10. Bezirk" in Frage gekommen wären. Da es sich bei dieser Dienstgebermeldung um eine unabdingbare, weil gesetzlich vorgesehene Voraussetzung für den Eintritt des Versicherungsschutzes handelt, ist es unzulässig, im Wege der Auslegung oder über den Umweg von Billigkeits- und Zweckmäßigkeitserwägungen dieses Tatbestandsmerkmal auszuschalten (vgl OLG Wien JBl 1958, 369, zitiert auch in MGA ASVG [61. ErgLfg] Anm 3 e zu § 175).

Soweit die Klägerin - in diesem Zusammenhang - bereits in ihrer Berufung und erneut auch in ihrer Revisionsbeantwortung darauf verweist, daß Bekanntgaben dieser Art an Vorgesetzte in ihrem Betrieb nicht üblich gewesen seien, ist sie darauf zu verweisen, daß zwischen der arbeitsrechtlichen Situation einerseits und den Voraussetzungen des § 175 Abs 2 Z 2 ASVG andererseits zu unterscheiden ist. Die sich aus der Organisation des Betriebes und den betrieblichen Gepflogenheiten ergebende praktische Handhabung bei der Begründung von Absenzen bzw von Mitteilungen über Arztbesuche mag für den arbeitsrechtlich zu beurteilenden Bereich Bedeutung haben. § 175 Abs 2 Z 2 ASVG fordert hingegen ausdrücklich die Bekanntgabe an den Dienstgeber. Dieses Tatbestandsmerkmal des Versicherungsschutzes kann durch eine betriebliche Übung nicht verändert werden.

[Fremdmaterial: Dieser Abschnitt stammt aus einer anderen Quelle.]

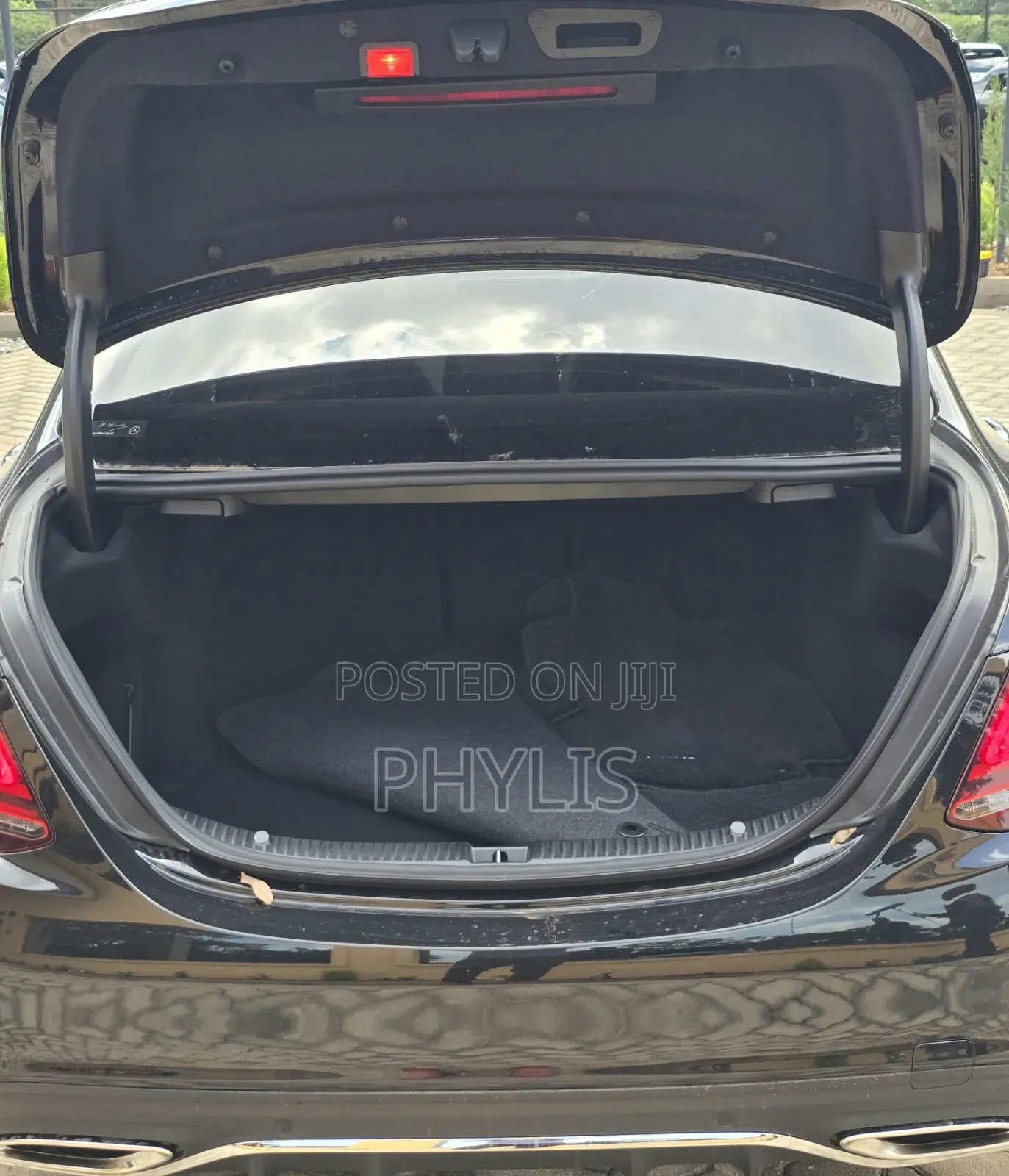 Mercedes-Benz C200 2019 Black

Daraus folgt, daß der Unfall der Klägerin nicht unter Unfallversicherungsschutz stand. Der Revision der beklagten Partei war daher Folge zu geben und das Urteil des Erstgerichtes wiederherzustellen. Obwohl das Berufungsgericht - von seiner abweichenden, vom Obersten Gerichtshof nicht gebilligten Rechtsansicht ausgehend - die Mängel- und Beweisrüge in der Berufung der Klägerin (großteils) unerledigt gelassen hatte, war es nicht erforderlich, die Sozialrechtssache zur Erledigung dieser beiden Rechtsmittelgründe an das Gericht zweiter Instanz zurückzuverweisen, weil sie Umstände betreffen, denen auch im Lichte der geänderten rechtlichen Beurteilung keine Bedeutung zukommt bzw diese sich inhatlich (soweit Feststellungsmängel gerügt sind) ohnedies als der Rechtsrüge zugehörig erweisen.

Die Kostenentscheidung ist in § 77 Abs 1 Z 2 lit b ASGG begründet.